## [RECORDS FOR THIS EXERCISE]
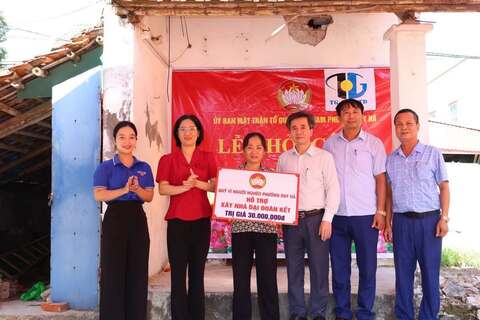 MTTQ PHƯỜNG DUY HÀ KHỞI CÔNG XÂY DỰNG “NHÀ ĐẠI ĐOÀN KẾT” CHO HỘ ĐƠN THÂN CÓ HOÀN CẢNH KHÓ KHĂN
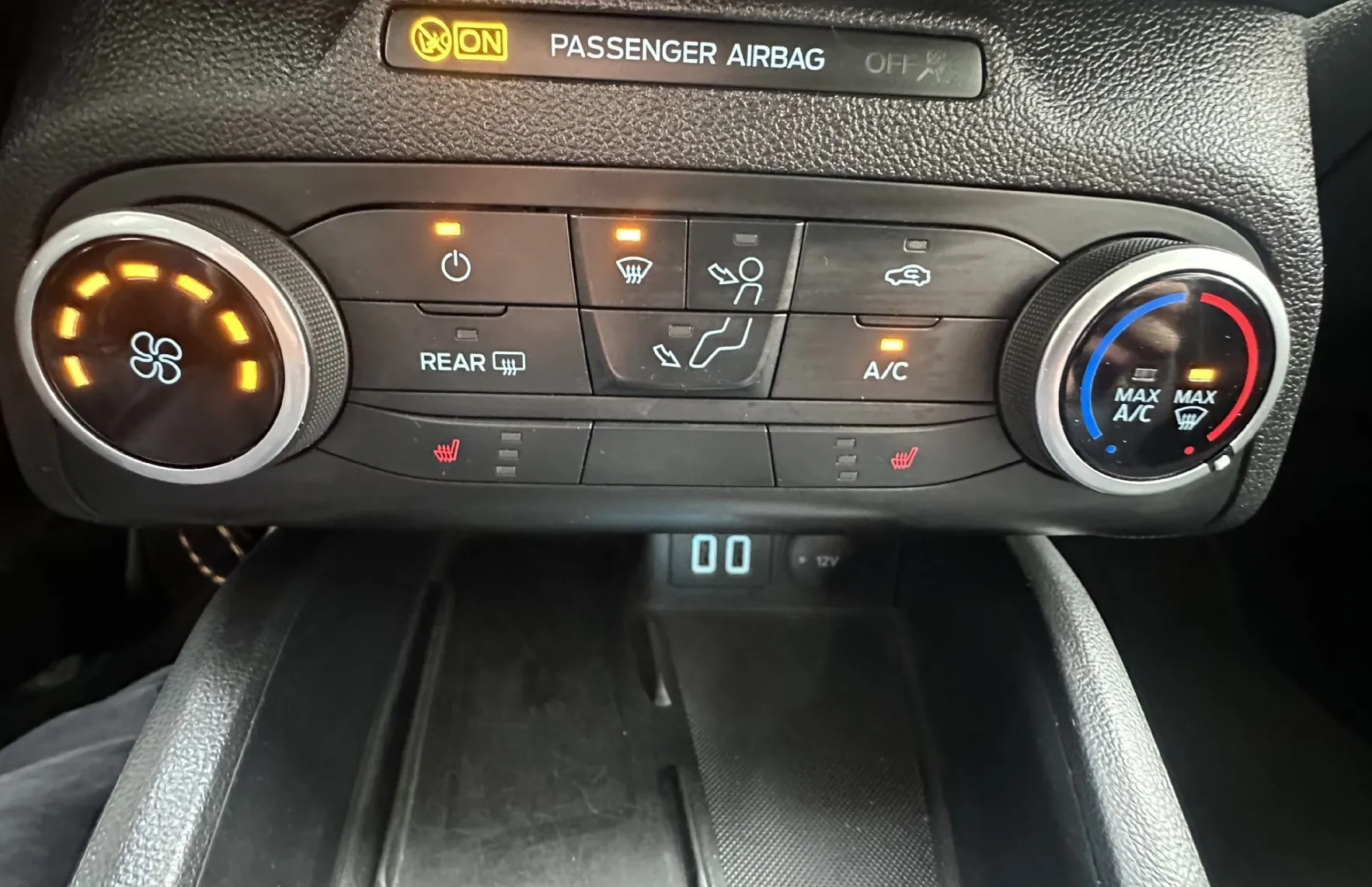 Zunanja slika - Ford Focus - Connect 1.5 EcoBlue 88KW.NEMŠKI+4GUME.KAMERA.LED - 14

* * *

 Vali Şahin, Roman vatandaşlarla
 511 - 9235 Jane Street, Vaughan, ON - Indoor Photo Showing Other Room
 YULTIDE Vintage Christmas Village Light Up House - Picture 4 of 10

## [ASSIGNMENT]
Please copy, exactly and with nothing else, the lines above beginning at the line that has "511 - 9235 Jane" and ending with the line that has "YULTIDE Vintage Christmas".

## [RESULT BELOW]
 511 - 9235 Jane Street, Vaughan, ON - Indoor Photo Showing Other Room
 YULTIDE Vintage Christmas Village Light Up House - Picture 4 of 10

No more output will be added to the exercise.